[[ Material for this exercise, beginning ]]

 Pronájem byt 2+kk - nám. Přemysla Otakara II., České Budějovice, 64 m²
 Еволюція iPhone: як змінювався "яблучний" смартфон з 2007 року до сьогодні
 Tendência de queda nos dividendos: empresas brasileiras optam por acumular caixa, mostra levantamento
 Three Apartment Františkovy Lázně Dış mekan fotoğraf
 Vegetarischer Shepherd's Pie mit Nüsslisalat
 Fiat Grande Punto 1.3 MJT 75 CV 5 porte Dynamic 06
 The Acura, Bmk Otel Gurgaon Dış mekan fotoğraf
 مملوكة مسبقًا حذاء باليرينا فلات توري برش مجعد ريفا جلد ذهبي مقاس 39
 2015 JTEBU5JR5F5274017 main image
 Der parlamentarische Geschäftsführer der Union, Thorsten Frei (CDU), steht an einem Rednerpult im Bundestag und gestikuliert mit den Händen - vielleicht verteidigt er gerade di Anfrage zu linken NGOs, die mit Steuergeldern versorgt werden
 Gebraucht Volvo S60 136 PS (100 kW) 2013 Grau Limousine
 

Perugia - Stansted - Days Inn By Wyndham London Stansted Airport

[[ Material for this exercise, end ]]

# Work instructions:
Please copy exactly, and only, the lines running from the one containing "Three Apartment Františkovy" through the end of the listing.

# Result:
 Three Apartment Františkovy Lázně Dış mekan fotoğraf
 Vegetarischer Shepherd's Pie mit Nüsslisalat
 Fiat Grande Punto 1.3 MJT 75 CV 5 porte Dynamic 06
 The Acura, Bmk Otel Gurgaon Dış mekan fotoğraf
 مملوكة مسبقًا حذاء باليرينا فلات توري برش مجعد ريفا جلد ذهبي مقاس 39
 2015 JTEBU5JR5F5274017 main image
 Der parlamentarische Geschäftsführer der Union, Thorsten Frei (CDU), steht an einem Rednerpult im Bundestag und gestikuliert mit den Händen - vielleicht verteidigt er gerade di Anfrage zu linken NGOs, die mit Steuergeldern versorgt werden
 Gebraucht Volvo S60 136 PS (100 kW) 2013 Grau Limousine
 

Perugia - Stansted - Days Inn By Wyndham London Stansted Airport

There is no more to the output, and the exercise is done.